I'm wondering what the general process is for this. In general being well defined means there is only exactly one output for each input or that if x=y, f(x) = f(y) which looks like the reverse of proving injectivity, I don't know if that is a coincidence or not.

Is a Fourier transform of a real function is still always real? I suppose the idea is that the imaginary component decays to 0 as you take the integral from -infinity to infinity so that it evaluates to a single finite real number, or actually, does the output of a the Fourier transform of a real valued function need to be real? Why do I generally see absolute value arguments in proving well-defined properties if complex functions have even more possible they can take? If you take an absolute value that only tells you anything about the magnitude of uncountably infinite numbers.

Edited by asksciencequestions
  • 1 month later...
Posted

The Fourier transform of an even real function is real. More generally, it is real for the function \(f\) if \(f(-x) = f(x)\) holds for almost every \(x \in \mathbb{R}.\)

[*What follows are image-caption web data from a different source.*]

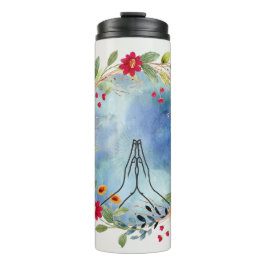 Gebet Hände Aquarell Thermosbecher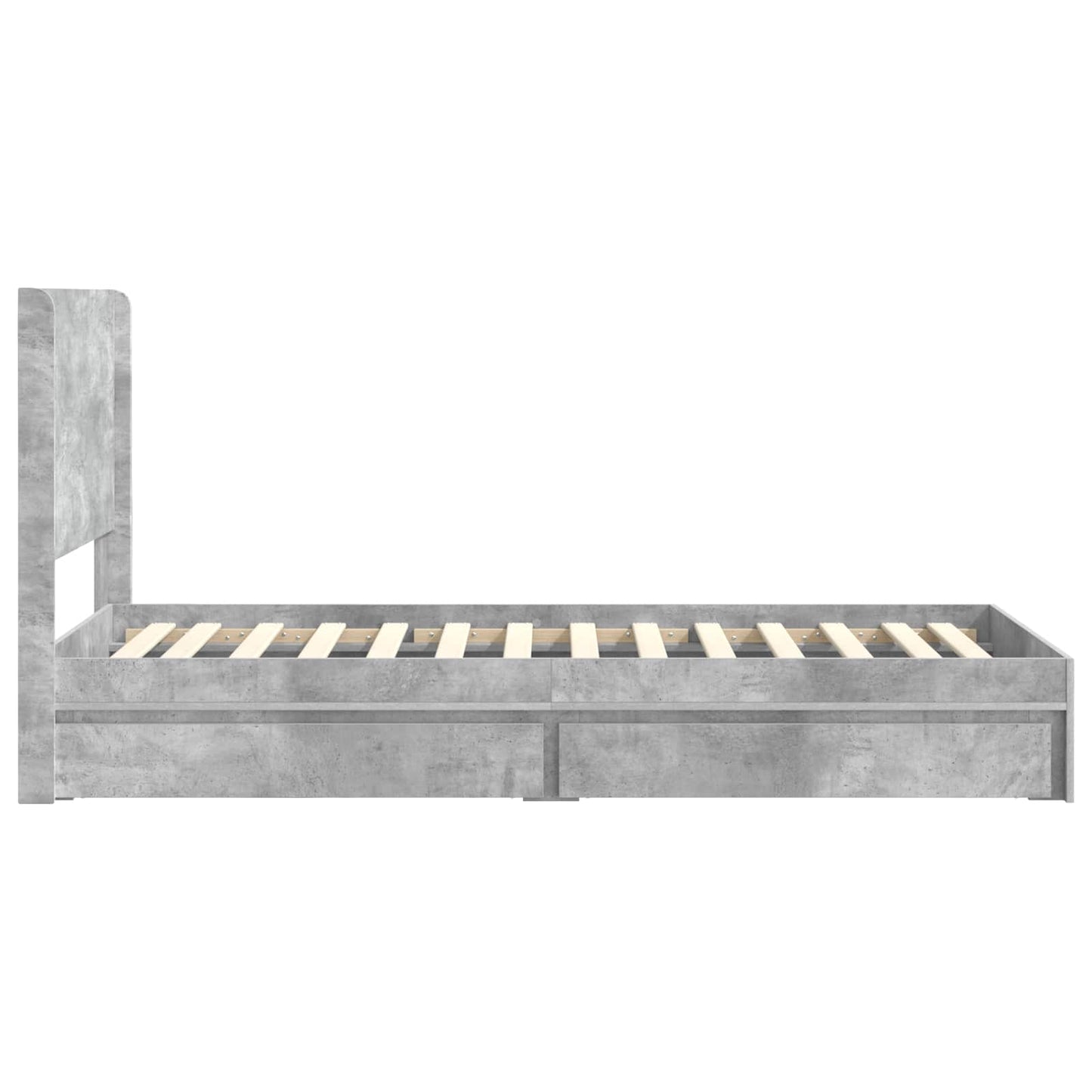 Bed Frame with Storage and Headboard Concrete Grey 90 x 190 cm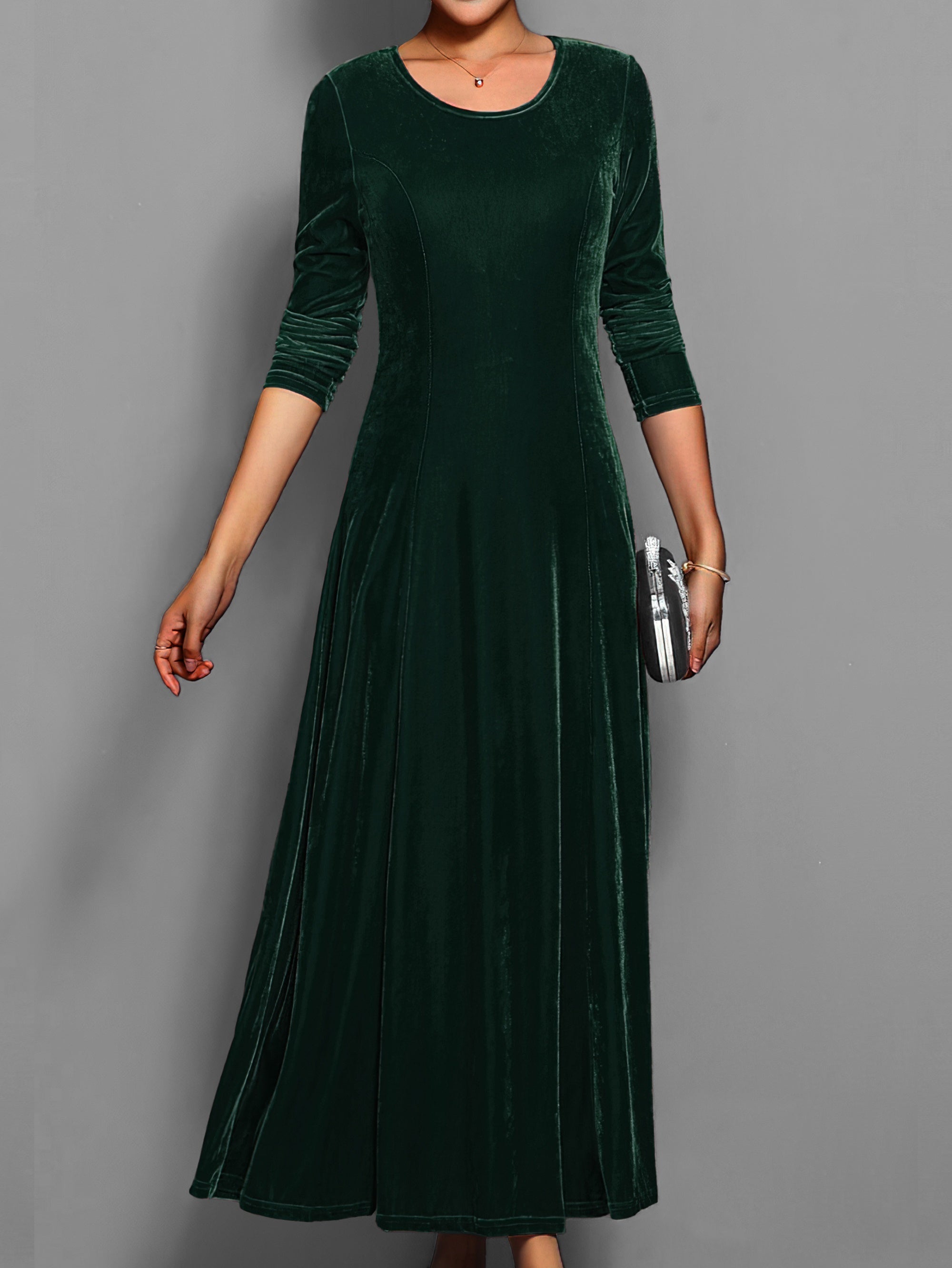 Sienna | Women’s Solid Midi Dress with Long Sleeves & Crew Neck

The Fourier transform of a real function is otherwise not itself a real-valued function.

  • 3 months later...
Posted

Taeto has answered very proficiently your longer-worded question, which has a different scope than the title really. Namely: "How does one prove that a Fourier transform is well defined?"

I don't remember the details, nor can I find them on Wikipedia, but a Fourier transform is well-defined when your function is piecewise-continuous. That means it better not have an uncountable number of discontinuities. But the definition is very solid, in the sense that you can even define it for some non-integrable functions or even temperate distributions (strange objects, like the Dirac delta function, that your garden-variety functions can be integrated against.)

I hope that adds significantly to your question.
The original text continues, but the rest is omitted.